# bloquer les intrus sur ma livebox



## yabr (8 Avril 2006)

bonjour
j'ai branché mon imac g3 sur ma live box via le port ethernet
à aucun moment je n'ai eu à taper les parametres de la clé wep...
mon debit n'est pas comme je le voudrai....
pour du 8mo chez à peine du 1,2mo

question:avant de contacter le sav

la vetusté de mon imac peut elle etre en cause?

quelqu'un peut il se connecter sur ma live box et baisser mon debit?

si je me sers sur la livebox du cable ethernet,est ce que cela met au repos l'emission wifi de ma livebox?

comment savoir si quelqu'un se branche chez moi??
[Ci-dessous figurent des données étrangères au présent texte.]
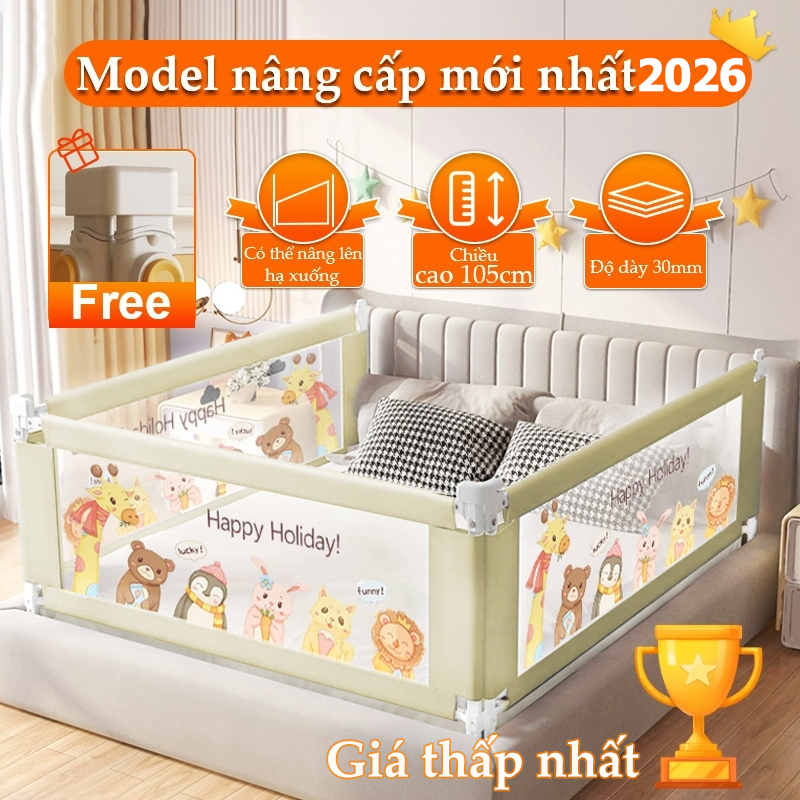 Thanh chắn giường cho bé, nâng hạ từng bên, lắp đặt dễ dàng, An toàn cho bé, Bản nâng cấp mới nhất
derniere question: comment ne pas devenir parano?


----------



## Pierre-Jean GOULIER (8 Avril 2006)

yabr a dit:
			
		

> bonjour
> j'ai branché mon imac g3 sur ma live box via le port ethernet
> à aucun moment je n'ai eu à taper les parametres de la clé wep...
> mon debit n'est pas comme je le voudrai....
> ...



Ça pour les débits, t'es pas le 1er à être déçu...  C'est un débit "pouvant aller jusqu'à"...
Pour connaître tes débits ascendants et descendants, je te conseille ça.
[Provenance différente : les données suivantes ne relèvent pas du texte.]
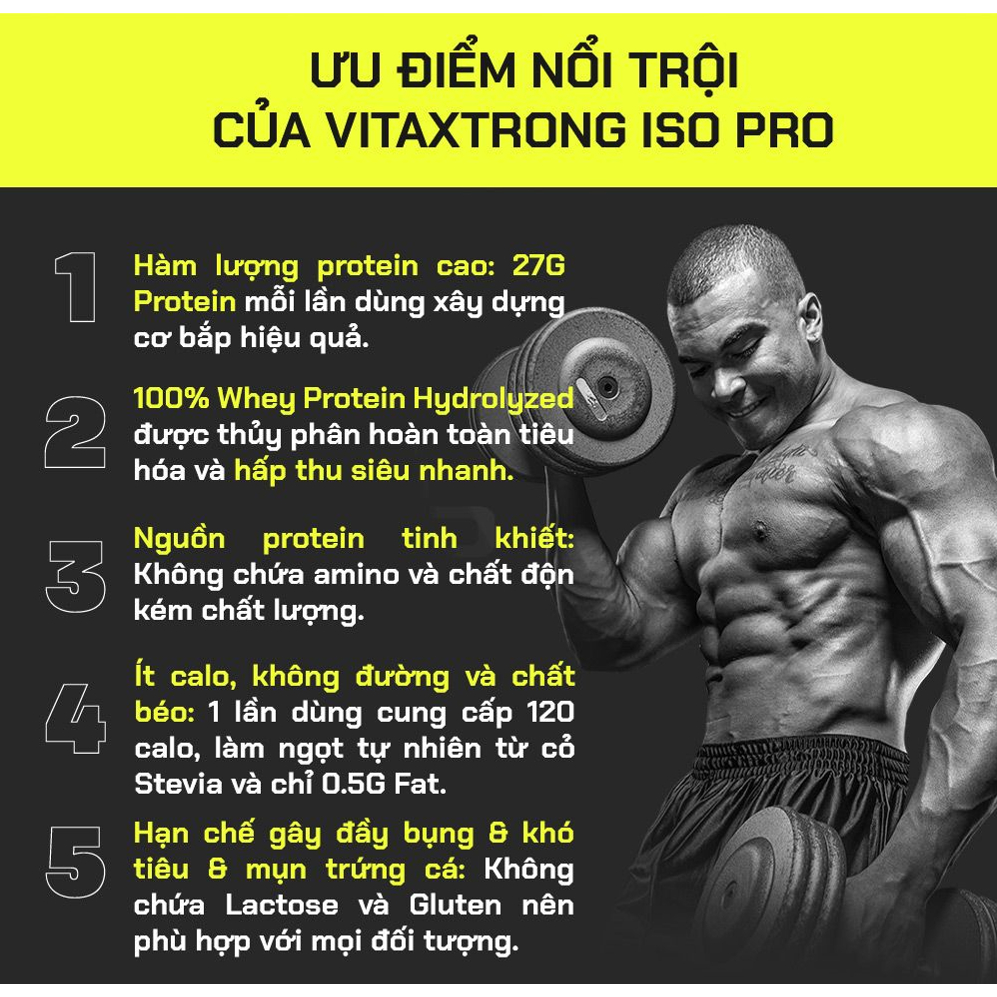 Sữa tăng cơ siêu tinh khiết VitaXtrong ISO PRO - Hydrolyzed Whey Isolate, 2 Lbs  nhập khẩu Mỹ - Gymstore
La vetusté de ton Mac n'est pas en cause pour du téléchargement. j'utilise un vieux G3 à 233 Mhz sous OS9 et les téléchargements vont quasi aussi vite que sur le G5...
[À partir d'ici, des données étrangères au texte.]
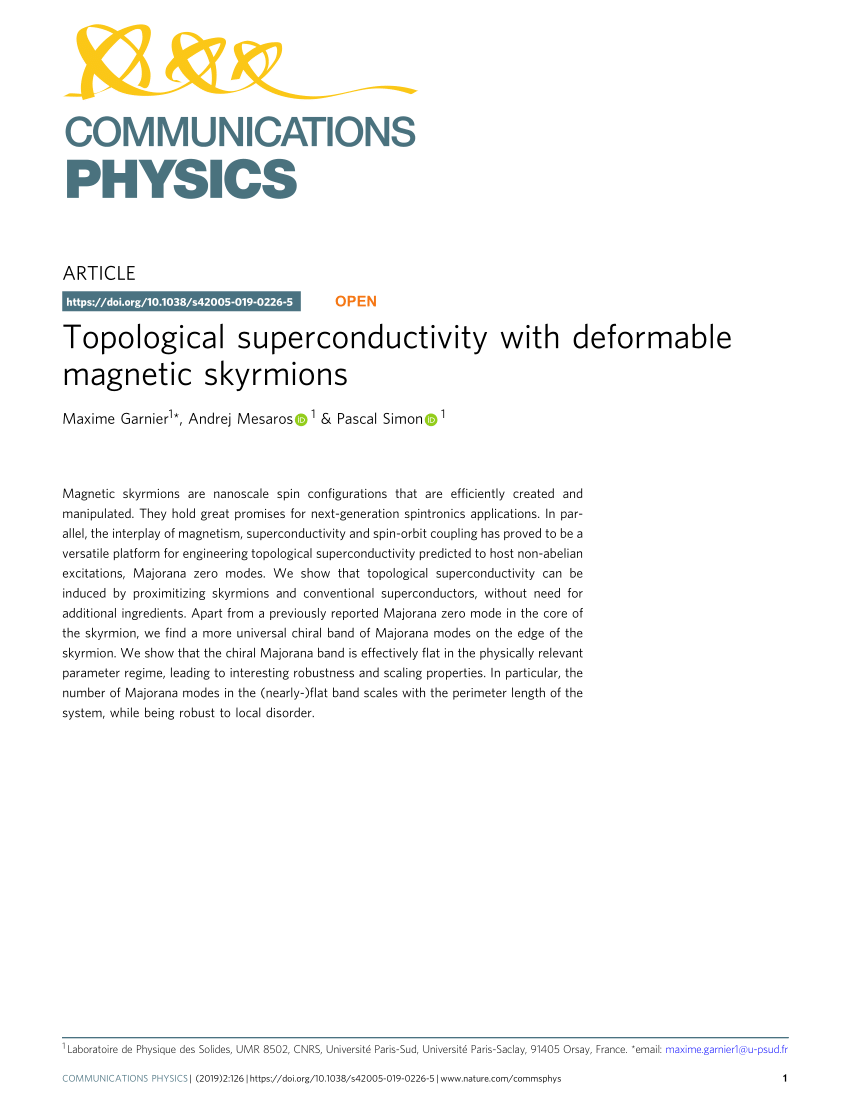 Pdf Topological Superconductivity With Deformable Magnetic Skyrmions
Si ta LiveBox est Wifi, oui, quelqu'un peut se connecter, mais je ne pense pas que ça fera baisser le débit... Pour empêcher quelqu'un de se connecter, il faut faire un filtrage MAC (Medium Access Control). Chaque appareil susceptible de se connecter à un réseau possède une adresse MAC (en général visible à côté du code barre sur l'emballage, ou sous un clavier, ou sous/derrière l'ordinateur). Cette adresse de 24 bits en héxadécimal est unique à chaque machine.
Faire un filtrage MAC, c'est entrer dans le routeur, et le paramétrer pour qu'il n'accepte que les machines ayant telle ou telle adresse MAC...
On "entre" dans le routeur par un navigateur Web (IE, Safari ou autre) avec l'adresse 192.168.1.1, ce qui te permet d'utiliser le logiciel interne de configuration du routeur. Là, il faut lire ce qui est marqué à l'écran, et chercher où faire le filtrage MAC.

Sur un routeur mixte (Wifi - Ethernet) il y a deux adresses MAC ; une pour le Wifi, une pour l'Ethernet

Enfin, je ne pense pas que le fait de se connecter en Ethernet coupe le Wifi, car je pense que l'utilisation conjointe des 2 doit être possible (je n'ai pas de LiveBox, mais le contraire serait étonnant...)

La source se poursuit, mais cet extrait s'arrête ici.